──────── DATA TO EXAMINE

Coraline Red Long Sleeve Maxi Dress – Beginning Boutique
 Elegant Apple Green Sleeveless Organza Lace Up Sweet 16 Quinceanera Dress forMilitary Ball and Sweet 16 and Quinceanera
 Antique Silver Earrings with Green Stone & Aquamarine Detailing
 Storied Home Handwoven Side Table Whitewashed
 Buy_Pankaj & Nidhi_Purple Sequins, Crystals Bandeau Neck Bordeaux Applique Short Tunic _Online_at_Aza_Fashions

────────────────

Read through the entries and copy every line that includes "Dress".

Coraline Red Long Sleeve Maxi Dress – Beginning Boutique
 Elegant Apple Green Sleeveless Organza Lace Up Sweet 16 Quinceanera Dress forMilitary Ball and Sweet 16 and Quinceanera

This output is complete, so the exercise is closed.